Sunday, 31 January 2010

Lazy Sunday - The Sundays


A random shuffle I promise! Top of the pile suitably are the Sundays and a track called "I Kicked a Boy". What I like about it , well the same as I like about every Sundays track, a guitar line that Johnny Marr would have been proud of writing and a vocal that makes you instantly fall in love with the singer.


Friday, 29 January 2010

Singular Sounds L - Lanterns



A lot of the Scottish bands i like have this love affair with the USA and bands like Steely Dan. Nowadays lots of the best bands sing in their natural accent rather than something born in the mid atlantic. It seems ridiculous now the press that the Proclaimers got just for singing as they talk. I don't think there is much wrong with either approach after all people have been singing in false accents as far back as Elvis, but somehow I don't think bands such s Belle and Sebastian or Wake the president or Butcher Boy would be half as good if they sang as if they came from Santa Barbara


The Lanterns I can only describe based purely on this track as it is the only one I have as a Scottish Saint Etienne


I don't know much about the band beyond the fact that they were a trio and released one lp Luminate yer Head which you can find here .



Confusingly on one website they are described as an artistic project rather than a band (which all sounds a tad pompous)



This is one of those great pop singles that got away and apart from the initial "ravey" synth sound has dated really well and is as freash as when I first heard it







"There's gotta be more"

Thursday, 28 January 2010

My indie past - The Hit Parade



The Hit Parade are a proper indie band! Three friends who all have other jobs but have been making music together for 20 years , were at one time on Sarah Records (home of all things twee), play jangly guitars , have lovelorn lyrics, slightly off key vocals and they even have a cult following in Japan.

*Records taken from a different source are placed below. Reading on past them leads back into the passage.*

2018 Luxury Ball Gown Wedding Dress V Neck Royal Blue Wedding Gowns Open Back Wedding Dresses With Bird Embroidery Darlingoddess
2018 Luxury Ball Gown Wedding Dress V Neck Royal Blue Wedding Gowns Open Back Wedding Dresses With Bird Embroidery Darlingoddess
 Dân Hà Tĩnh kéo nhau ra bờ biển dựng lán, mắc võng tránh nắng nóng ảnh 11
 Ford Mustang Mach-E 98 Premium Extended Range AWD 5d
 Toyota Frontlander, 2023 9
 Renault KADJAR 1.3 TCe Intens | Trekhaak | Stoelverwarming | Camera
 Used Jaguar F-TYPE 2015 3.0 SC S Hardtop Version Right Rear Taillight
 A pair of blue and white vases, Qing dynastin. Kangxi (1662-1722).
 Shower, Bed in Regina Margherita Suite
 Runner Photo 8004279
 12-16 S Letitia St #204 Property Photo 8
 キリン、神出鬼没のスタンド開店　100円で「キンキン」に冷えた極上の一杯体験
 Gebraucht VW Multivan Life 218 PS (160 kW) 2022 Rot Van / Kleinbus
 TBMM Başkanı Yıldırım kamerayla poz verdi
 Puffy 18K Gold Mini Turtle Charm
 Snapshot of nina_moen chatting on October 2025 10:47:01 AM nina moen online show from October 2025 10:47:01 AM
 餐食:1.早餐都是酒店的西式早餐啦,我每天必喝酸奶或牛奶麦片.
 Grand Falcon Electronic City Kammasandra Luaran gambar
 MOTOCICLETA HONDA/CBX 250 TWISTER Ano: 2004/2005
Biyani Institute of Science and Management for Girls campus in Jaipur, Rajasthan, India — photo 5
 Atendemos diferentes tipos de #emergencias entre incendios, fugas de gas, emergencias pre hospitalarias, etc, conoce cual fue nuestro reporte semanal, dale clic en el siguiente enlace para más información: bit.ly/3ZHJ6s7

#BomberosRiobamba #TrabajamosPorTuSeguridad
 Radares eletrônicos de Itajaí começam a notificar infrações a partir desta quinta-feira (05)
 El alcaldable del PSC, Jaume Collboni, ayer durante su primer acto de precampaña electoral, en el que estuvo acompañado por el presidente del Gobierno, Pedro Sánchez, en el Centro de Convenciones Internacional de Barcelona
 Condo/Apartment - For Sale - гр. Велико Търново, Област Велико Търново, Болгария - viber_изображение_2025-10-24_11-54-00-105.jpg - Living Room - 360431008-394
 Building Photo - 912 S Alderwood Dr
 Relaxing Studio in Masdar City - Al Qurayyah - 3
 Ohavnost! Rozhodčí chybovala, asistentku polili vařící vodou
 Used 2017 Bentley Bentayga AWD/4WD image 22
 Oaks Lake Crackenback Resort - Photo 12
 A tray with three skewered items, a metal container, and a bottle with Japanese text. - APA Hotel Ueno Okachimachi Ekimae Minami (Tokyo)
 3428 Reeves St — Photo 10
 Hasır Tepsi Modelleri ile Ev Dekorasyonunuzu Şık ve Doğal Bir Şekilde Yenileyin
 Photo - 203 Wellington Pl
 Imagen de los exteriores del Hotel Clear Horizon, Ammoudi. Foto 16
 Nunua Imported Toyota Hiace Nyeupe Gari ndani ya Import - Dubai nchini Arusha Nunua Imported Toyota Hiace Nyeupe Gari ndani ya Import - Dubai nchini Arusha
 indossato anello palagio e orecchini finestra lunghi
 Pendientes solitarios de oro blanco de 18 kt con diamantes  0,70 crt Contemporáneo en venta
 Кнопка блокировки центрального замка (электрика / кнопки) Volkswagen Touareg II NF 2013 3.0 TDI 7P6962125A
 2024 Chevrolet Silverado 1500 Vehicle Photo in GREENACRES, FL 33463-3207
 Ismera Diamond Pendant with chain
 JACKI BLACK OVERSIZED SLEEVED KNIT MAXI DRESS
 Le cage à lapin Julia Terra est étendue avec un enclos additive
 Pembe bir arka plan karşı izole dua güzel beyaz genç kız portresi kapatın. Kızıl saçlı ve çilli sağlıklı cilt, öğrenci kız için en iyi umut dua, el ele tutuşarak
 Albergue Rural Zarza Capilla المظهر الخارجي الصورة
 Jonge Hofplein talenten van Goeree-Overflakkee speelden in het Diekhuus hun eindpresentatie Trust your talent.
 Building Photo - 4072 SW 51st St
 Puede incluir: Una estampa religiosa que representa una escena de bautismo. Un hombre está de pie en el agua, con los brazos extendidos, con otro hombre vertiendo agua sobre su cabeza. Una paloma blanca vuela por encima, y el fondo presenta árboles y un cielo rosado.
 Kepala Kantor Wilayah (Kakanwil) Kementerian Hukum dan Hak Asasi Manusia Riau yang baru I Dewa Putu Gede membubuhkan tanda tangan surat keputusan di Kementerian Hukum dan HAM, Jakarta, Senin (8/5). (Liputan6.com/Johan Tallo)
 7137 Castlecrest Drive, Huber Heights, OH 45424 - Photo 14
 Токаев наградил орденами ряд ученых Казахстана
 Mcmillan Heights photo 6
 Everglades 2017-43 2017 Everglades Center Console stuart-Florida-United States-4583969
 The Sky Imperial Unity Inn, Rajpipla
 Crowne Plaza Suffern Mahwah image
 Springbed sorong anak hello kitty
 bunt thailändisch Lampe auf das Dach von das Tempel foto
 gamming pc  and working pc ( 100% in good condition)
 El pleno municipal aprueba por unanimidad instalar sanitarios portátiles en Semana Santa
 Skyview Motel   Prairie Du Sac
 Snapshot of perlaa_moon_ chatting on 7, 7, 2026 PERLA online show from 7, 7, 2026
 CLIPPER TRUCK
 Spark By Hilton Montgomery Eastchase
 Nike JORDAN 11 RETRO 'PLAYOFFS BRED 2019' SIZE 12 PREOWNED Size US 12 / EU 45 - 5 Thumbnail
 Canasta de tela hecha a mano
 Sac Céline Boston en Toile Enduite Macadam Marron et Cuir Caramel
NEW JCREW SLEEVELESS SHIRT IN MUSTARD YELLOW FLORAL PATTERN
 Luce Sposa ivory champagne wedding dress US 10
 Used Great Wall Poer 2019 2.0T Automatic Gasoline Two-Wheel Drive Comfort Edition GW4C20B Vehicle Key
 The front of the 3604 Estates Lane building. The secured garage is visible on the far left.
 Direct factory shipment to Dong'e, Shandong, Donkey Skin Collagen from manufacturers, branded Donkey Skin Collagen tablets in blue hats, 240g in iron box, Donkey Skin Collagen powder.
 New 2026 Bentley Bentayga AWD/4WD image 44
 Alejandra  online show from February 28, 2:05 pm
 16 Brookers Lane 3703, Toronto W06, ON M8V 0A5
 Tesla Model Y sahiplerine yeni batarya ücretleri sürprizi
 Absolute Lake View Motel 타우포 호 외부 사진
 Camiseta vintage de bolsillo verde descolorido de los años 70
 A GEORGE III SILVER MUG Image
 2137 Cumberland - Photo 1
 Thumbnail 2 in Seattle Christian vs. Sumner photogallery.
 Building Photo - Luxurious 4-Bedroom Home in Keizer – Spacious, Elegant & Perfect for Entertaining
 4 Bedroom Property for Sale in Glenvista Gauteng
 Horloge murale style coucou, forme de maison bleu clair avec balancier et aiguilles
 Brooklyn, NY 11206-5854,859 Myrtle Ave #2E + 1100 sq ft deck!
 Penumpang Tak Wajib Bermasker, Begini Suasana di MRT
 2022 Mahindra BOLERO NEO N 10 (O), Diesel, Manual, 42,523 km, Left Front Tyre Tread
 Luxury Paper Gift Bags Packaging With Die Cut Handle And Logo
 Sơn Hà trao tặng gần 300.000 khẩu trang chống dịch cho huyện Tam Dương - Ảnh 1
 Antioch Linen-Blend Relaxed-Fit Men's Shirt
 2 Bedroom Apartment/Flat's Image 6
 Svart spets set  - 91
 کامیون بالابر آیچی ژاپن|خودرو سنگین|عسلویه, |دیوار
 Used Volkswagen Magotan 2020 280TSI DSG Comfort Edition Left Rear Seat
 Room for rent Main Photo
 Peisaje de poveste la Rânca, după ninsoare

Having got their first 2 lps I used to trawl the internet for more info but with a name like "the Hit Parade" and lps with titles like "With Love from the Hit Parade" and "More Pop songs" there was never much for Google to go on and you would end up searching through 1000s of unrelated entries.

After a break of over 10 years there was a flurry of action , a new website appeared and a new lp, called as it only could be called "The Return of the Hit Parade". The sounds remained the same although the songs were broader in lyrical range. The first 2 lps seemed to entirely focus on the on off relationship the singer had with the girl of his dreams.

I've posted a song by them before and you can find that here




For this post there are 3 tracks , two from the 1st lp (which should have just been titled "I want my ex Girlfriend Back") the first of these " See you in Havana" with guest vocals by queen of indie Cath Carroll and the third from their most recent.






"The things that I love
The reasons I cry"


Ode to a Footballer's Wife





The lps are difficult to track down, not helped by the fact that a number seemed to be overseas releases only. even the band's website has them listed as sold out The latest lp "The Return of the Hit Parade" can be found here





Their website is pretty basic to say the least but it does have details of all their releases and can be found here





If anyone has links to the lps "The Sound of the Hit Parade" or "Light Music" then please let me know

Tuesday, 26 January 2010

A Year in Books 10 - The Half Brother



The first book I've read in 2010 and already a front runner for the best book I'm going to read. A bit like the quote "like Prefab Sprout" in a music review seems to result in me buying a copy. The same can be said with any book review that is described as being in the style of John Irving. I've been bitterly disappointed many a time, but with the period between Irving's fiction getting longer and his later work a bit more patchy I still keep giving it a go.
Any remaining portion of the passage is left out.